For the six months ended June 30, 2013, net sales totaled $2,334.0 million, an increase of 35 percent compared to $1,727.6 million for the six months ended June 30, 2012. Operating income was $195.8 million for the six months ended June 30, 2013, an increase of $99.2 million from the $96.6 million of operating income for the six months ended June 30, 2012. Adjusted EBITDA was $331.3 million for the six months ended June 30, 2013 as compared to $129.8 million for the six months ended June 30, 2012. In addition, the company reported net income attributable to Axiall of $69.3 million, and Adjusted Earnings Per Share of $1.06 for the first six months of 2013, compared to net income attributable to Axiall of $48.9 million, and Adjusted Earnings Per Share of $1.40 for the first six months of 2012. The company reported Adjusted Net Income of $129.1 million, and Adjusted Earnings Per Share of $1.98 for the first six months of 2013, compared to Adjusted Net Income of $45.3 million, and Adjusted Earnings Per Share of $1.30 for the first six months of 2012. See Reconciliation of Non-GAAP Financial Measures on page 50. These changes are primarily attributable to the inclusion of results of operations from the Merged Business since January 28, 2013, the closing date of the Transactions.

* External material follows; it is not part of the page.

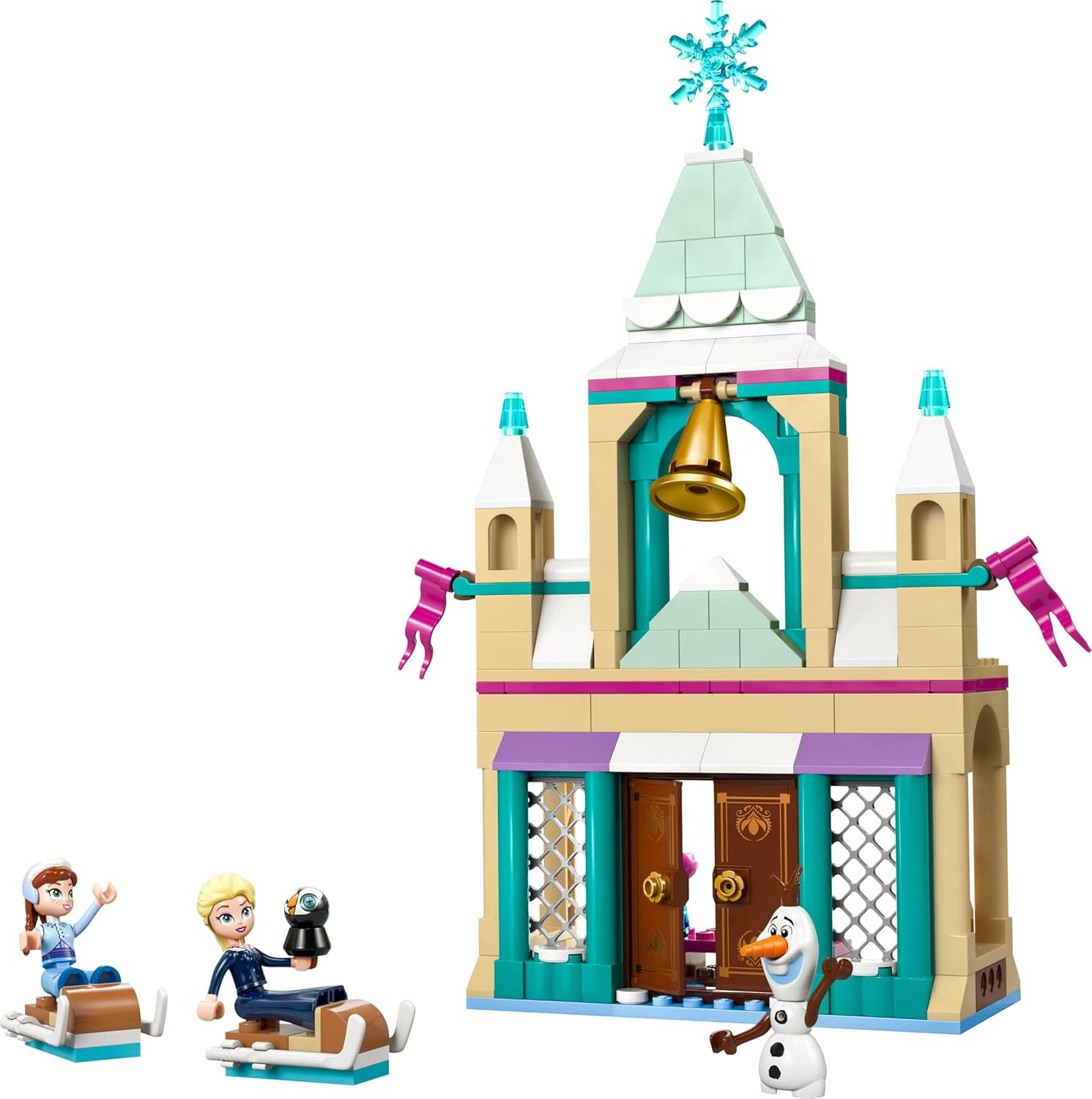 LEGO ǀ Disney Frozen Das Arendelle Schloss - Spielzeug mit Anna & ELSA Minifiguren sowie Olaf & Pinguin Figuren – Prinzessinnen Schloss Spielzeug - Kreatives Geschenk für Mädchen ab 5 Jahren – 43265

Chlorovinyls Business Overview

Our chlorovinyls segment produces a highly integrated chain of chlor-alkali and derivative products (chlorine, caustic soda, VCM, vinyl resins, ethylene dichloride, chlorinated solvents, calcium hypochlorite, muriatic acid and phosgene derivatives) and compound products (vinyl compounds and compound additives and plasticizers). As discussed further below, certain highlights from our chlorovinyls segment results of operations for the three and six months ended June 30, 2013 compared to the three and six months ended June 30, 2012 were as follows:

Net sales totaled $801.8 million and $339.8 million for the three months ended June 30, 2013 and 2012, respectively, increasing approximately 136 percent, principally due to the inclusion of sales results from the Merged Business.

Net sales totaled $1,416.3 and $669.3 million for the six months ended June 30, 2013 and 2012, respectively, increasing approximately 112 percent, also due to the inclusion of sales results from the Merged Business.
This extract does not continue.